> [Exercise instructions]: Produce an exact copy of the first line of the data below and each line after it, please, up to and including the one with "casa indipendente in".

Brief descriptive captions
+++
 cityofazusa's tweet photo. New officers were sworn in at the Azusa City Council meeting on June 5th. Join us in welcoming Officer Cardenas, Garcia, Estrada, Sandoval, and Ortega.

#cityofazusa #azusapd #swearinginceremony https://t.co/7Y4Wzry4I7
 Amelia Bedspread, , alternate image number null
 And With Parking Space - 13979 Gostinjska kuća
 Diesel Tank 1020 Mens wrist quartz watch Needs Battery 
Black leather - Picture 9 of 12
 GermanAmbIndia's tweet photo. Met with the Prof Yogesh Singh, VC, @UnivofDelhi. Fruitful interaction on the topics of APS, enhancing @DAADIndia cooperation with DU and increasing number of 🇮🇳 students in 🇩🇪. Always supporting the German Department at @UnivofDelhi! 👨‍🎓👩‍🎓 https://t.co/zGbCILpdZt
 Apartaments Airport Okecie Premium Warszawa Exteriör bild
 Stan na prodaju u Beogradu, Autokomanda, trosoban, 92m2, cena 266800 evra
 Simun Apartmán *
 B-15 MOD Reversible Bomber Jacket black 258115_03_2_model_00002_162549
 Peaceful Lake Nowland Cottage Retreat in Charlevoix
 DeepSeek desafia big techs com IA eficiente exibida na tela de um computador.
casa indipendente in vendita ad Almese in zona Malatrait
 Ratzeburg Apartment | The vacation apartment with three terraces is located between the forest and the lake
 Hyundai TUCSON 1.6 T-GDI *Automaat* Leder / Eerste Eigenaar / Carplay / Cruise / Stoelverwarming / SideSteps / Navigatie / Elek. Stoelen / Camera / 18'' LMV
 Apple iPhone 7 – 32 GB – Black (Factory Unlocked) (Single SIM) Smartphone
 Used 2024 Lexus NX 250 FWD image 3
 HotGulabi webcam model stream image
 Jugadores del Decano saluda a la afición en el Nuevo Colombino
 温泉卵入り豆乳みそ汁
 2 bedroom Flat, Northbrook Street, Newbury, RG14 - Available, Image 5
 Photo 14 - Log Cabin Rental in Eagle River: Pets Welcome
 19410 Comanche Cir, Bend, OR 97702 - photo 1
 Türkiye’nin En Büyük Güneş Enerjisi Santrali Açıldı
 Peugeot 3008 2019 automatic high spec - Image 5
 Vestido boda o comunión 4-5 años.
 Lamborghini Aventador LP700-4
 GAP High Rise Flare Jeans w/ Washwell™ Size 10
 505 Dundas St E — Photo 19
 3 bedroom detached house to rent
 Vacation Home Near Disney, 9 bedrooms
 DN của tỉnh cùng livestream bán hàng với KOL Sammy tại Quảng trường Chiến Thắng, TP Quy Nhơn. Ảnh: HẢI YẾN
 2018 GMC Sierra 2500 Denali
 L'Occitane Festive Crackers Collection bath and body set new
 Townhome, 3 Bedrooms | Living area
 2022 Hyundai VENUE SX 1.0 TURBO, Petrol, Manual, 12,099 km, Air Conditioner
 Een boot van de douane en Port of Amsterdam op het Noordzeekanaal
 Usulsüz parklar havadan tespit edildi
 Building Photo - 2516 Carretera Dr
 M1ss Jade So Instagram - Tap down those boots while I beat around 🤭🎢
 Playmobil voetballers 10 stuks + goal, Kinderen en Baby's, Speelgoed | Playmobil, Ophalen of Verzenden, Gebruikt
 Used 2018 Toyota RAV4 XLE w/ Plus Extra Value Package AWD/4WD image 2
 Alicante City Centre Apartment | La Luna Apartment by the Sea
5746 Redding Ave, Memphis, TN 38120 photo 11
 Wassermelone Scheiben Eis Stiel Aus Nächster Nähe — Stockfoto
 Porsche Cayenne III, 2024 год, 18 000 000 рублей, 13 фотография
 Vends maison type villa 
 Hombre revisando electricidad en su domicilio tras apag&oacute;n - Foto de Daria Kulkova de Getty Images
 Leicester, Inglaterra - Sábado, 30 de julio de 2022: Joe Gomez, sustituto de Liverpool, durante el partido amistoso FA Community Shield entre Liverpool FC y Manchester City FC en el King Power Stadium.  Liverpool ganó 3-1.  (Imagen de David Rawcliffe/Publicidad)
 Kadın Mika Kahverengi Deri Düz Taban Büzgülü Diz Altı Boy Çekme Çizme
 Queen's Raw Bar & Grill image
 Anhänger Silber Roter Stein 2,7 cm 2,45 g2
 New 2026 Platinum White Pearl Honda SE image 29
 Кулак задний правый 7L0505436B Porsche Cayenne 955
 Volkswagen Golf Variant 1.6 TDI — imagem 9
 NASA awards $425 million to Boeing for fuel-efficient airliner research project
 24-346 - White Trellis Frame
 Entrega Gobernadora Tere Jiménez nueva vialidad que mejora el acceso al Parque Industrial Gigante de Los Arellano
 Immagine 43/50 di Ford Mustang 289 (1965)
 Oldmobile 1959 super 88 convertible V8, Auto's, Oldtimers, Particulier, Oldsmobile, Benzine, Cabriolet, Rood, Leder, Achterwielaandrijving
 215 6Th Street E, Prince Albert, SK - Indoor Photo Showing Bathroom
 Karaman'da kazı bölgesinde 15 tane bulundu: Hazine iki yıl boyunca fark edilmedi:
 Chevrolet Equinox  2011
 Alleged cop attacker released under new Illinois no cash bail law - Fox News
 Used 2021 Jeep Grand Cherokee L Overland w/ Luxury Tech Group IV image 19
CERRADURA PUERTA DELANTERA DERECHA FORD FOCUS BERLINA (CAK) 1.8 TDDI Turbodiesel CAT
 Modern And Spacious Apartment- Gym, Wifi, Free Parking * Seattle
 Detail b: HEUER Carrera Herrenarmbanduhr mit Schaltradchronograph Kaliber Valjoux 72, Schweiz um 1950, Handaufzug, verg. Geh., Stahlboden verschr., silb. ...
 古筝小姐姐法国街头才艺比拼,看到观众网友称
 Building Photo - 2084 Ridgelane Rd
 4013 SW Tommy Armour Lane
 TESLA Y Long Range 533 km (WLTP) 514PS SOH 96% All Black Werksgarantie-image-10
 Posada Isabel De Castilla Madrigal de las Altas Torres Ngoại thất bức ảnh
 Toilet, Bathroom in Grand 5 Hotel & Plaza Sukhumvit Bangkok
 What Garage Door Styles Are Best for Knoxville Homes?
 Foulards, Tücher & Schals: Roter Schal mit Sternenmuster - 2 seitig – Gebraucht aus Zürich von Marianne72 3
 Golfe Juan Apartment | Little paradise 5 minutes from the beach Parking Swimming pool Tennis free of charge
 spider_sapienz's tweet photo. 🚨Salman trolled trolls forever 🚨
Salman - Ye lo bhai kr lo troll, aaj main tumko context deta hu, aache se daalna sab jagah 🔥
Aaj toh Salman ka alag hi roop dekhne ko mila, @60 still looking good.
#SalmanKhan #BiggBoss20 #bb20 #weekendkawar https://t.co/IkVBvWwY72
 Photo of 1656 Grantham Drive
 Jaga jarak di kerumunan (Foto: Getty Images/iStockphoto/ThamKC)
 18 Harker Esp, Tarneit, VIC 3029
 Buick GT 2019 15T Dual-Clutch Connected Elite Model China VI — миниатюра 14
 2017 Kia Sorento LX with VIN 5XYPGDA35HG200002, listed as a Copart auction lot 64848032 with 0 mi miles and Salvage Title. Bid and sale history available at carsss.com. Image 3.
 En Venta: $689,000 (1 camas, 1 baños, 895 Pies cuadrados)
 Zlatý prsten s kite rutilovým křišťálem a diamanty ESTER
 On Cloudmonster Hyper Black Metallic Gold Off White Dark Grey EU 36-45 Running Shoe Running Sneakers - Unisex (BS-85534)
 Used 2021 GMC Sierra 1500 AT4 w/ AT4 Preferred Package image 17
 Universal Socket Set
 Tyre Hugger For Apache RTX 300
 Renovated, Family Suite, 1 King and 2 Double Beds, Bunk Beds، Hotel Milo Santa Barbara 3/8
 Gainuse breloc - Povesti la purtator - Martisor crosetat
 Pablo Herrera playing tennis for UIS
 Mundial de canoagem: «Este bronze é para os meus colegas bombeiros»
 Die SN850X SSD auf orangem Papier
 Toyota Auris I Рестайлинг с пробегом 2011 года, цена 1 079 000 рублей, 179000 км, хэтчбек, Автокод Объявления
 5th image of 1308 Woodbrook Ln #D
+++
> [Solution to this problem]:
 cityofazusa's tweet photo. New officers were sworn in at the Azusa City Council meeting on June 5th. Join us in welcoming Officer Cardenas, Garcia, Estrada, Sandoval, and Ortega.

#cityofazusa #azusapd #swearinginceremony https://t.co/7Y4Wzry4I7
 Amelia Bedspread, , alternate image number null
 And With Parking Space - 13979 Gostinjska kuća
 Diesel Tank 1020 Mens wrist quartz watch Needs Battery 
Black leather - Picture 9 of 12
 GermanAmbIndia's tweet photo. Met with the Prof Yogesh Singh, VC, @UnivofDelhi. Fruitful interaction on the topics of APS, enhancing @DAADIndia cooperation with DU and increasing number of 🇮🇳 students in 🇩🇪. Always supporting the German Department at @UnivofDelhi! 👨‍🎓👩‍🎓 https://t.co/zGbCILpdZt
 Apartaments Airport Okecie Premium Warszawa Exteriör bild
 Stan na prodaju u Beogradu, Autokomanda, trosoban, 92m2, cena 266800 evra
 Simun Apartmán *
 B-15 MOD Reversible Bomber Jacket black 258115_03_2_model_00002_162549
 Peaceful Lake Nowland Cottage Retreat in Charlevoix
 DeepSeek desafia big techs com IA eficiente exibida na tela de um computador.
casa indipendente in vendita ad Almese in zona Malatrait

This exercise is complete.